But then we could use the local variable copy trick:
int main(void){ uint16_t local_accelerometer_data = 0; while (1){ if (has_new_accelerometer_reading == YES){ cli(); // clears the global interrupt flag local_accelerometer_data = raw_accelerometer; sei(); // re-enables interrupts if (local_accelerometer_data != 0){ display(local_accelerometer_data); } // Flag that we've handled this sample has_new_accelerometer_reading = NO; } } }
Now the assignment of the local variable is all that needs protecting, and so the interrupt is only out of action for a couple cycles. That’s pretty awesome. (Again, remember the caveat about the underlying “raw” data getting out of sync with the local copy.)
Arduino’s Millis
One thing our code above didn’t do was to check if interrupts were set in the first place. We simply assumed that interrupts were on, and after we were done with our critical section, turned them back on. But if they weren’t on in the first place, then we’ve changed something unintentionally. The solution is to record the value of the status register, SREG
, which contains the global interrupt enable bit, and restore it after the critical section is over.
As promised, here is the millisecond counter routine from the Arduino library. (It’s in “wiring.c” if you’re interested.)
unsigned long millis() { unsigned long m; uint8_t oldSREG = SREG; // disable interrupts while we read timer0_millis or we might get an // inconsistent value (e.g. in the middle of a write to timer0_millis) cli(); m = timer0_millis; SREG = oldSREG; return m; }
Note that it does the right things for just the right reasons — this is why your Arduino timer code actually works. First, it copies over the value of SREG
which contains the old global interrupt enable bit. Then it creates a local copy of the current (ISR-shared) milliseconds counter. Finally, it restores the SREG
and returns the number of milliseconds. Well done.
Atomic Blocks
Making a general-purpose solution for protecting critical sections like this turns out to be a little bit tricky. At a minimum, we’d like to copy over the SREG
contents as is done in millis()
. The AVR library has a “util/atomic.h” header that defines the ATOMIC_BLOCK
wrapper that basically does that for us.
There are two possible arguments, ATOMIC_RESTORESTATE
and ATOMIC_FORCEON
, and they correspond to the two cases where the block first figures out if the global interrupt vector was on beforehand, or just assumes that it was and sets it on at the end, respectively.
And ATOMIC_BLOCK
is actually cleverer than we’ve discussed so far. It includes a code trick that allows you to use return
or break
statements inside the block, and it still takes care of re-setting the global interrupt flag for you.
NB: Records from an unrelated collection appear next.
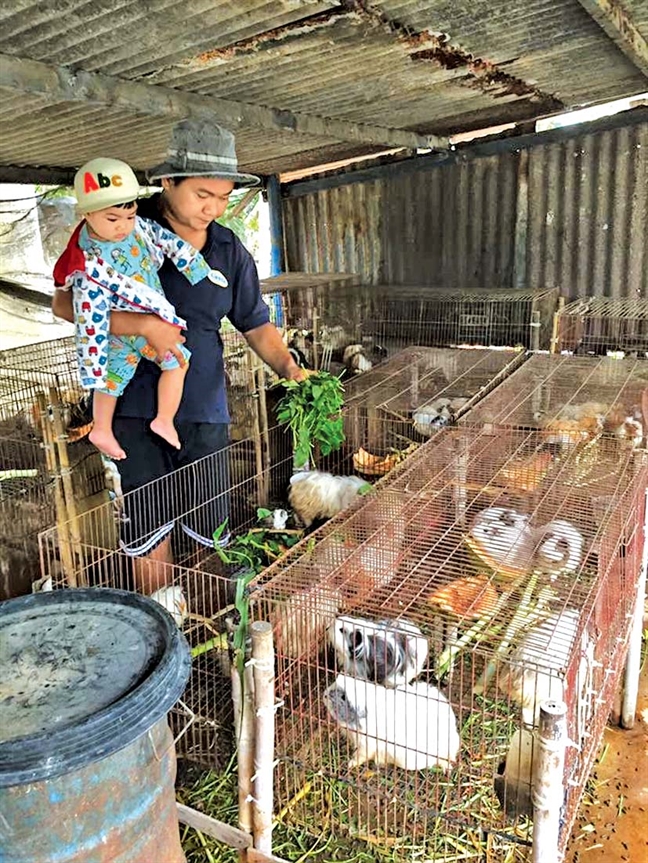Quang Thảo, Thanh Tuấn mê trồng cây, tắm heo Quang Thao, Thanh Tuan me trong cay, tam heo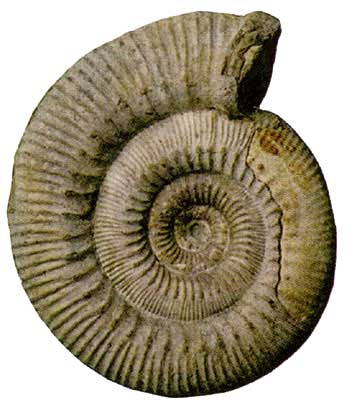 Stephanoceras (Mid Jurassic, Bajocian).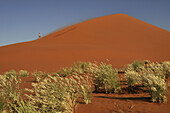 Dune 45, Sossusvlei, Namib desert, Namib-Naukluft National Park, Namibia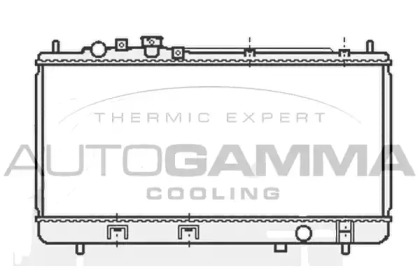 Теплообменник AUTOGAMMA 107038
As an example, here’s Arduino’s millis()
re-written to take advantage of the standard GCC AVR library:
unsigned long millis(){ ATOMIC_BLOCK(ATOMIC_RESTORESTATE){ return timer0_millis; } }
That’s a lot clearer than the original, in our estimation. Using ATOMIC_BLOCK
saves you a lot of hassle, and makes the code easier to read to boot. Indeed, if you want to save the call overhead, you can simply use timer0_millis
yourself from your main routine as long as you wrap it in an ATOMIC_BLOCK
:
ATOMIC_BLOCK(ATOMIC_RESTORESTATE){ if (timer0_millis > alarm_time){ do_whatever(); } }
The Last Possible Refinement
If you’re one of those optimizer-type people, you’ll have noticed that only one particular ISR shares our variable with the critical section. Instead of disabling all interrupts, you could imagine disabling only the particular interrupt that’s causing the trouble.
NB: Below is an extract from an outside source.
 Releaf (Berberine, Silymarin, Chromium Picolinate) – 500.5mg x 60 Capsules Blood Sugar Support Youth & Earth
This will also get us atomicity, and we can’t think of any reason not to do so except for code complexity. It means giving up on the one-size-fits-all ATOMIC_BLOCK
-style global interrupt manipulations, but it’s probably worth it if you’ve got real-time constraints on other interrupts that you don’t want to block. Nonetheless, we’ve seen a lot of global-interrupt disabling in practice. Would any readers care to chime in with some real-world examples where only specific interrupts were disabled to protect a critical atomic section?
Conclusion
This has been an epic trip through the topic of interrupts, and we hope you liked it. Interrupts are the most powerful tool in the microcontroller arsenal because they directly answer the number-one concern with microcontroller applications: interfacing with real-world peripherals. Mastering interrupts brings you from a microcontroller beginner fully into the intermediate camp, so it’s worth it.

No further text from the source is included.